OOMA’s quiet growth story is still in motion
Ooma, Inc. Common Stock
This is a plain-English version of a bigger theme: businesses want cheaper, smarter phone systems that work in the cloud and help them handle calls without hiring more staff. Ooma sits in that middle ground between old-school telecom and newer software tools, so it can benefit from the move to remote work, automation, and AI-assisted customer service.[1][2] If small businesses keep looking for simpler phone setups with built-in call insights, companies like Ooma can keep winning deals without needing a giant brand name.
MTLS: 3D-printing software refocuses for a leaner next chapter
Materialise NV
If you believe factories, hospitals, and device makers will keep shifting from old‑school manufacturing to digital, on‑demand 3D printing, Materialise sits right in that lane. Its software helps engineers and surgeons design lighter, more efficient parts and custom medical implants, which can cut waste and shipping and support climate and efficiency goals. As more companies and hospitals look to local, on‑demand production instead of huge centralized plants, the tools that plan and run those 3D‑printing jobs become critical—and that’s where Materialise makes its money.
ALLO: small-cap CAR-T player chasing big cancer wins
Allogene Therapeutics, Inc. Common Stock
Cancer cell therapies today are often slow and expensive because each dose is made from a single patient’s own cells. Allogene is trying to flip that model by creating **off‑the‑shelf** treatments manufactured in bulk from healthy donor cells.[1][2] If this works, it could mean faster treatment, easier scaling, and potentially lower costs for some blood cancers. For investors, this sits inside the broader genomics and next‑gen medicine wave—similar in spirit to how AI is transforming software, but here the goal is to re‑engineer immune cells to fight tumors.[1][2]
TE’s quirky de‑SPAC story: momentum, money raises, and maybes
T1 Energy Inc.
If you care about big trends like electrification, data centers using more power, and the push for smarter energy hardware, TE sits in that crossroads. It is not a nuclear reactor play; it’s about the chips and devices that help manage energy. As more cars, factories, and servers go electric and digital, demand grows for reliable power‑related components. A small‑cap name that just came public, has fresh cash, and is tied to that theme can move a lot if good news keeps coming. For retail investors, this is more of a “keep on your radar” story than a sleepy blue‑chip.

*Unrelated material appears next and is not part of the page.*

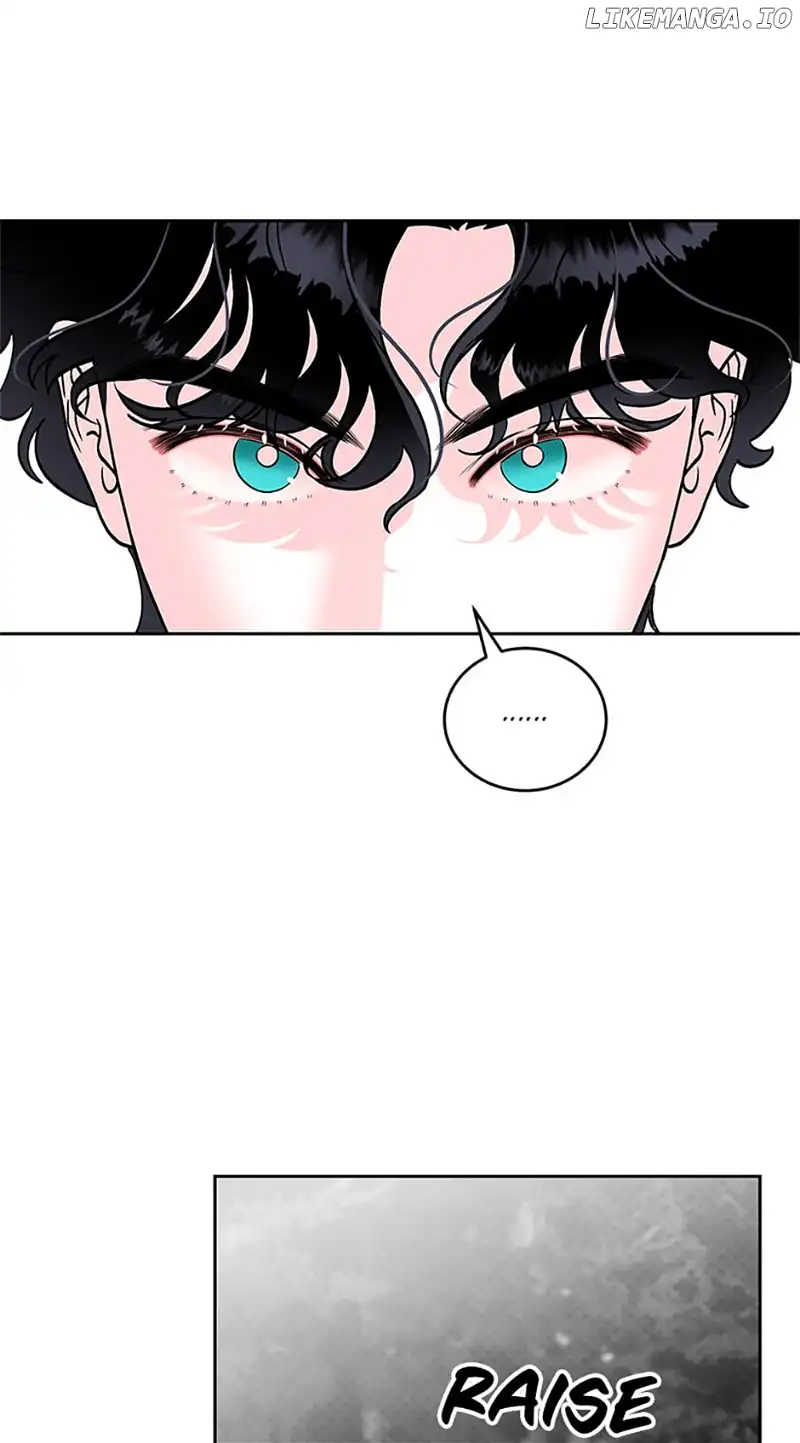 An Extraordinary Guardian Chapter 30 page 23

HIVE's AI pivot is turning heads fast
HIVE Digital Technologies Ltd. Common Shares
This matters because the big story is not really about Bitcoin alone anymore — it is about the race to build the computing power behind AI. Think of HIVE as trying to turn electricity, land, and data centers into a product that AI customers can rent. For regular investors, that is easier to understand than crypto jargon: if the AI buildout keeps growing, companies that own the physical capacity can win real business. The tradeoff is that this is still a fast-moving, high-risk setup, so the stock can swing hard in both directions.[1][2][3]